[Opening Data supplied section]

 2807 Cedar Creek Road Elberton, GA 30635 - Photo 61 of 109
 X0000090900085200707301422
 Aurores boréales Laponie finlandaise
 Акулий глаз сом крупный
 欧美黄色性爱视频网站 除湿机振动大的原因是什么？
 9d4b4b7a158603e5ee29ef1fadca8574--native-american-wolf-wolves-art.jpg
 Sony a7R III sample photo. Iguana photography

[Closing Data supplied section]
[Opening Data supplied section]

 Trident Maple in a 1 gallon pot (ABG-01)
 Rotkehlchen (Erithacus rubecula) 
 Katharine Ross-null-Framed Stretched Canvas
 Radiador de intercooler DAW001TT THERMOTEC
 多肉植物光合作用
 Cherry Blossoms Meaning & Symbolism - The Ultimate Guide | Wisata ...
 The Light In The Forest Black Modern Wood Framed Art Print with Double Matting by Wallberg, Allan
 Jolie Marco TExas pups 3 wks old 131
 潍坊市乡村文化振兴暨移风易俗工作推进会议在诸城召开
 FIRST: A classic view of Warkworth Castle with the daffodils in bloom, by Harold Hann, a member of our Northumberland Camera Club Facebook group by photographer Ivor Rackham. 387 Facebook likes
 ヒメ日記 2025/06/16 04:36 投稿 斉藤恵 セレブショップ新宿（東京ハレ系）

[Closing Data supplied section]
[Opening Data supplied section]

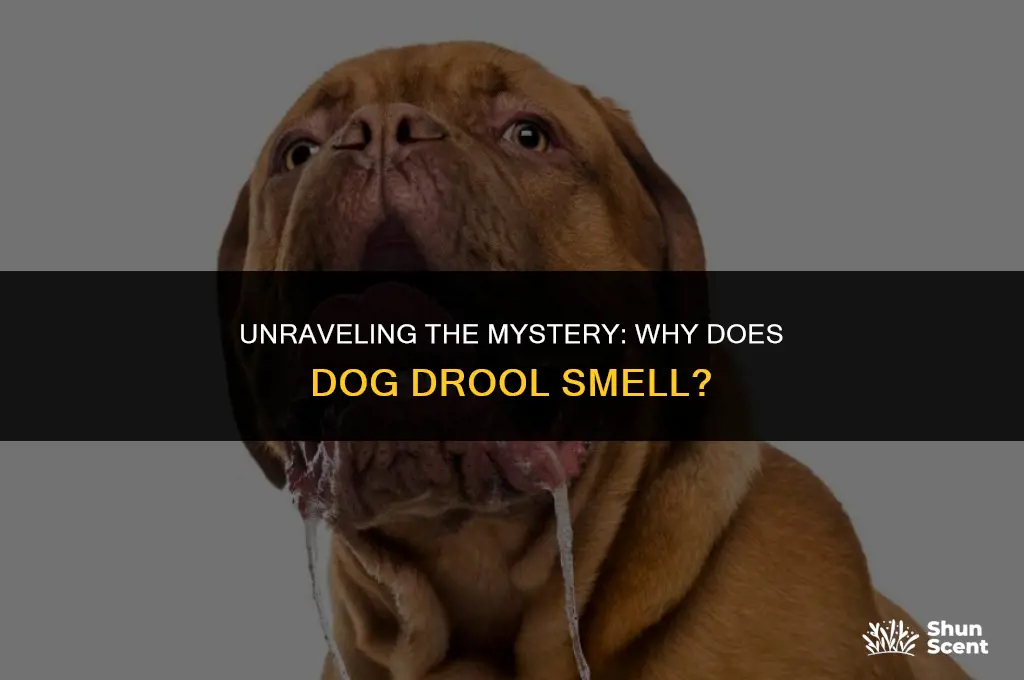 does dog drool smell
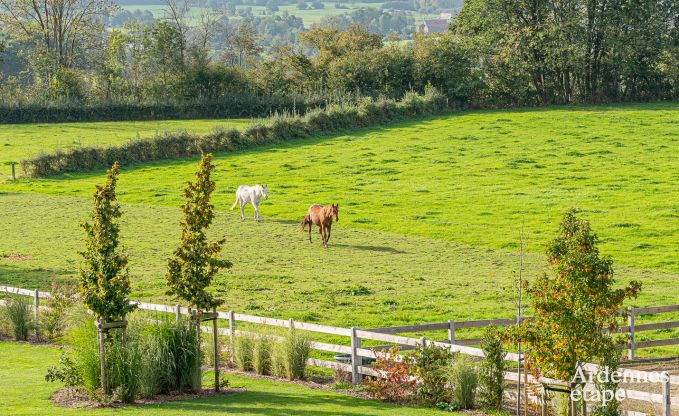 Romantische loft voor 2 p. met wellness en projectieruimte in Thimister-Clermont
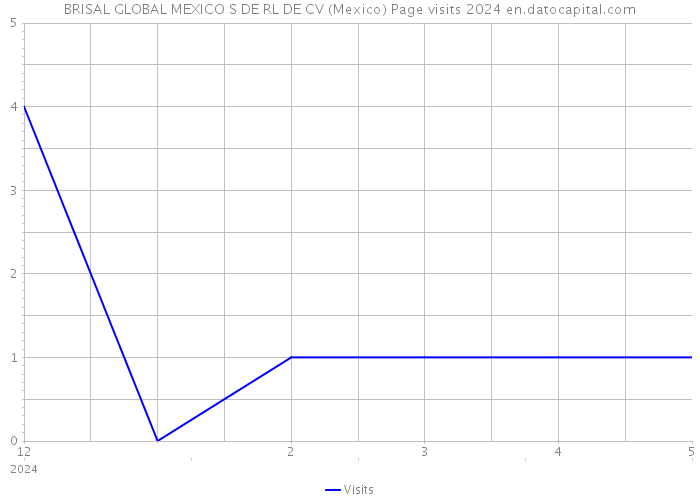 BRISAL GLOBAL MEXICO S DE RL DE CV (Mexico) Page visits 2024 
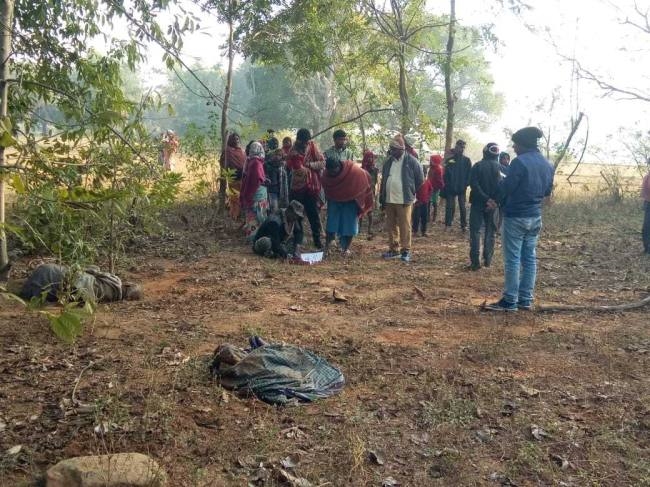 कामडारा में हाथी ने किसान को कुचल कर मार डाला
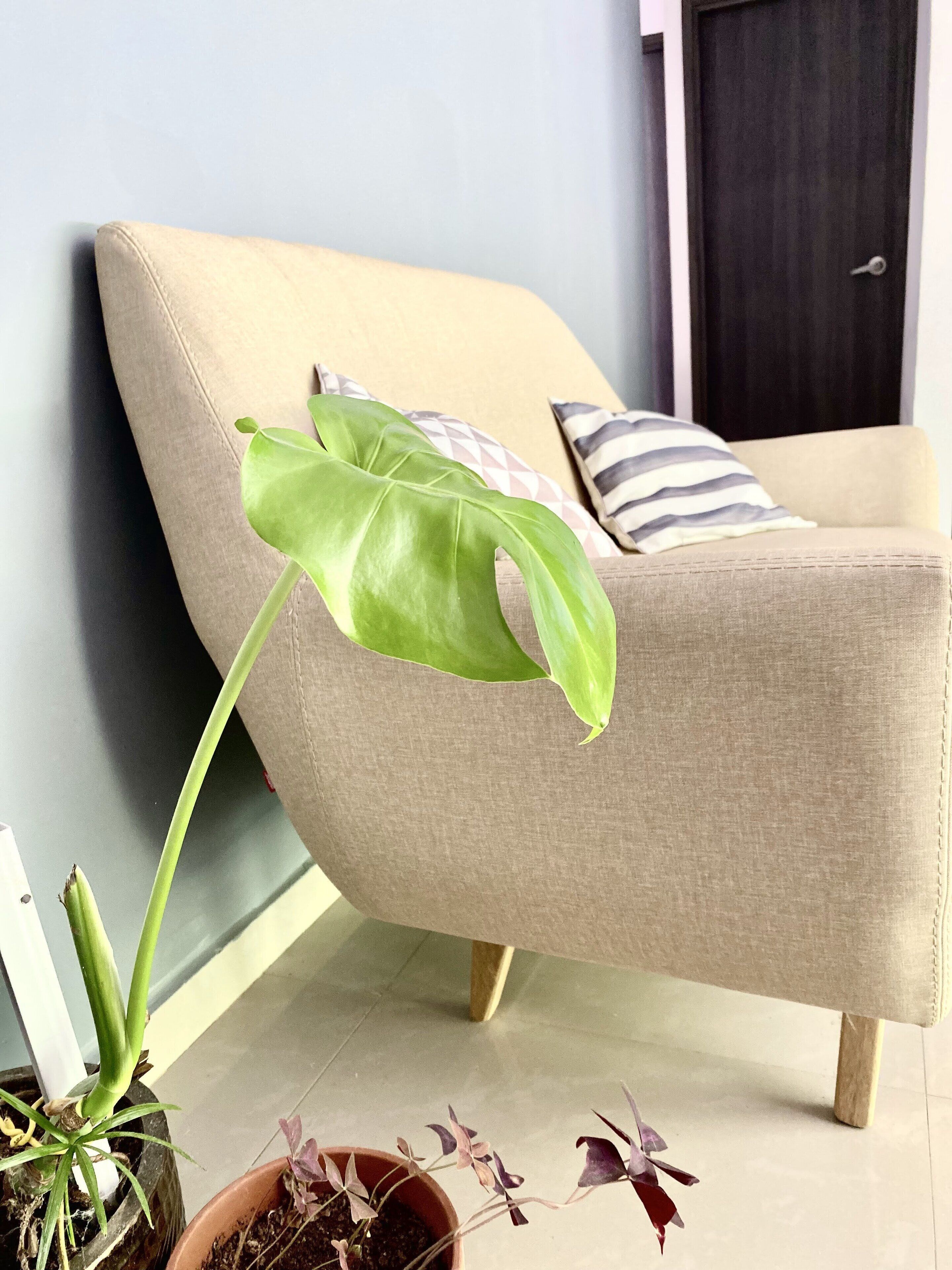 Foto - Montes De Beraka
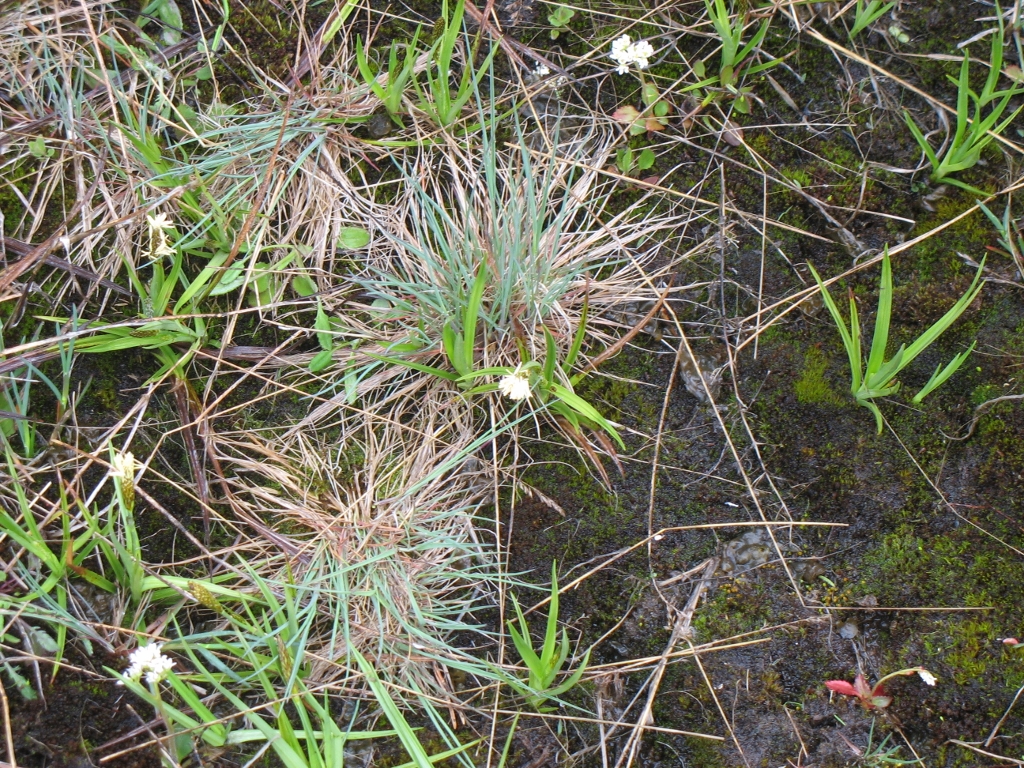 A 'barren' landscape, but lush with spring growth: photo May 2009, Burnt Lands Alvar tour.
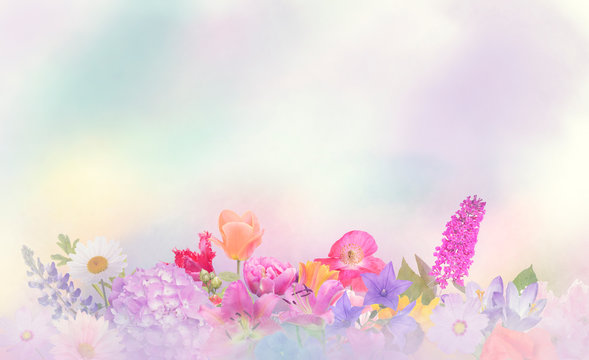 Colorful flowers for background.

[Closing Data supplied section]

Exercise description: Retype only the stretch of lines above starting at the one with "2807 Cedar Creek" and stopping at the one with "Sony a7R III", exactly as written, with both kept.

Written answer:
 2807 Cedar Creek Road Elberton, GA 30635 - Photo 61 of 109
 X0000090900085200707301422
 Aurores boréales Laponie finlandaise
 Акулий глаз сом крупный
 欧美黄色性爱视频网站 除湿机振动大的原因是什么？
 9d4b4b7a158603e5ee29ef1fadca8574--native-american-wolf-wolves-art.jpg
 Sony a7R III sample photo. Iguana photography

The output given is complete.